A principal may not share adjudication information under this subsection with a district staff member while an appeal is pending..
Any information received by district staff under this section is exempt from disclosure under the public records act (chapter 42.56 RCW) and may not be further disseminated except as provided in RCW 28A.225.330, other statutes or case law, and the family and educational and privacy rights act of 1994 (20 U.S.C. Sec. 1232g et seq.).
A student committing an offense under chapter 9A.36 (assault), 9A.40 (kidnapping, unlawful imprisonment, custodial interference, luring, trafficking, and coercion of involuntary servitude), 9A.46 (harassment), or 9A.48 RCW (arson, reckless burning, and malicious mischief) when the activity is directed toward the teacher, shall not be assigned to that teacher’s classroom for the duration of the student’s attendance at that school or any other school where the teacher is assigned.
A student who commits an offense under chapter 9A.36 (assault), 9A.40 (kidnapping, unlawful imprisonment, custodial interference, luring, trafficking, and coercion of involuntary servitude), 9A.46 (harassment), or 9A.48 RCW (arson, reckless burning, and malicious mischief), when directed toward another student, may be removed from the classroom of the victim for the duration of the student’s attendance at that school or any other school where the victim is enrolled.
Students and school employees who are subjects of threats of violence or harm will be notified of the threats in a timely manner. “Threats of violence or harm” means direct or indirect communications by any means of the intent to inflict physical harm upon a specific individual or individuals or that place a person in fear of the imminent likelihood of serious harm.
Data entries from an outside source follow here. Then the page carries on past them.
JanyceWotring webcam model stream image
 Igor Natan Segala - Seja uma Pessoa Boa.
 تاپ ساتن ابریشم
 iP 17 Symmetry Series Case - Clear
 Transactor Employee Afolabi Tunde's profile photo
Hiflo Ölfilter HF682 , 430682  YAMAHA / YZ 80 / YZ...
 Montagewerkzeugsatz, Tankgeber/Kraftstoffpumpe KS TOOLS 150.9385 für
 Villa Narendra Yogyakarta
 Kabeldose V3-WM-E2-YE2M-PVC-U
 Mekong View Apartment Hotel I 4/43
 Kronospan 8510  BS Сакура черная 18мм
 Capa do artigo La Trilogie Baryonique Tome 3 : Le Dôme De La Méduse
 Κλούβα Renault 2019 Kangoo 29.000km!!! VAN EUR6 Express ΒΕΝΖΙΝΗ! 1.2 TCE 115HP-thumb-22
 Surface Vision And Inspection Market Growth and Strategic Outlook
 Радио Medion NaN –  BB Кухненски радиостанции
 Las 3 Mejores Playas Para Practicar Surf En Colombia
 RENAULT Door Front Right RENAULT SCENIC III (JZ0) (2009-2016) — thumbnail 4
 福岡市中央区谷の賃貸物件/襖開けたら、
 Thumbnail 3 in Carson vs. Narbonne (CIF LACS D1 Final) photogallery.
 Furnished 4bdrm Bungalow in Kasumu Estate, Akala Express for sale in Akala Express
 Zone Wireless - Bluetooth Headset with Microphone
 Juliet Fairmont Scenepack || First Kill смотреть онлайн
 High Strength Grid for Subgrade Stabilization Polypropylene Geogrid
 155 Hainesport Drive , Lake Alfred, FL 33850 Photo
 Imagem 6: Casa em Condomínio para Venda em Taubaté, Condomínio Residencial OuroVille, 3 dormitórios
The district will assess and address potential threats of violence or harm in a manner consistent with Board Policy No. and Superintendent Procedure 3225, School-Based Threat Assessment, other safety policies, and comprehensive safe school plans. In instances where the threat is deemed imminent, moderate risk or high risk, or requires further intervention to prevent violence or serious harm, the school administrator shall notify the parent and/or guardian of any student who is the target/recipient of a threat as well as the parent and/or guardian of any student who made the threat. The district will ensure that the notice is in a language the parent and/or guardian understands, which may require language assistance for parents or guardians with limited-English proficiency under Title VI of the Civil Rights Act of 1964.
If there is a specific and significant threat to the health or safety of a student or other individuals, the district may disclose information from education records to appropriate parties whose knowledge of the information is necessary. Timing and details of the notice will be as extensive as permitted by the federal Family Educational Rights and Privacy Act, other legal limitations, and the circumstances.
The district may use information about a threat of harm or violence in connection with student discipline consistent with Board Policy No. 3240, Student Behavior and Disciplinary Responses, and the Basic Rules of Seattle Public Schools.
The district, Board, school officials, and school employees providing notice in good faith as required and consistent with the Board’s policies are immune from any liability arising out of such notification. A person who intentionally and in bad faith or maliciously, knowingly makes a false notification of a threat under this section is guilty of a misdemeanor punishable under RCW 9A.20.021.
Any school district or district employee who releases the information in compliance with federal and state law is immune from civil liability for damages unless it is shown that the school district or district employee acted with gross negligence or in bad faith.
The Superintendent is authorized to develop procedures for this policy, as necessary.